In the United States, a strong sentiment exists that society will be saved by technology and technocratic entrepreneurs. Regardless of political alignment, most Americans, if asked, would express some degree of admiration for the man behind SpaceX and Tesla Motors, Elon Musk.

That is, unless you’re someone who has had the misfortune of working for him.

These days, Musk is hailed as our age’s golden child. He’s often referenced in pop culture, frequently graces the cover of major magazines and is no stranger to television interviews.

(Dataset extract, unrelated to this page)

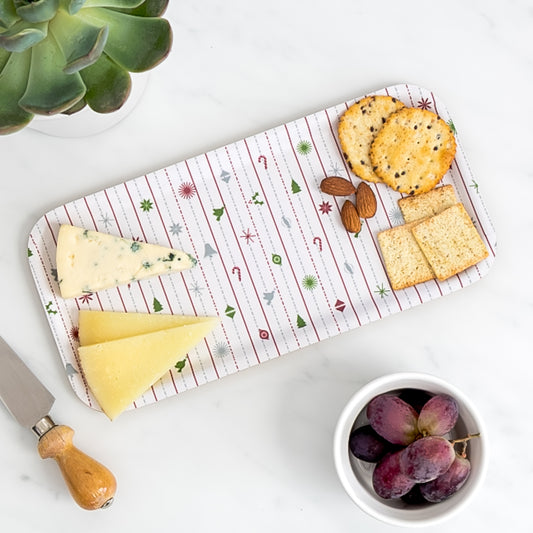 Cheese board of assorted cheese and crackers on birch tray with Christmas pattern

But the unfortunate reality is that the popular perception of Musk’s intentions is flawed, if not downright incorrect — just take a critical look at the inner workings of his chief enterprise, Tesla Motors.

Musk’s Tesla electric automobiles have been lauded by liberals for their environmental benefits, but this focus overlooks the less pleasant aspects of the company.

The batteries that power these “emission free” vehicles — a somewhat disingenuous conclusion, as U.S. electricity is still largely generated from fossil fuels — come with a serious human cost.

Because Teslas rely on large lithium-ion batteries, a significant amount of cobalt is required for their manufacture. Cobalt is almost exclusively obtained from the Democratic Republic of Congo, where children as young as seven work in deep, dangerous mines to for mere dollars a month. And many often work for an entire day at a time.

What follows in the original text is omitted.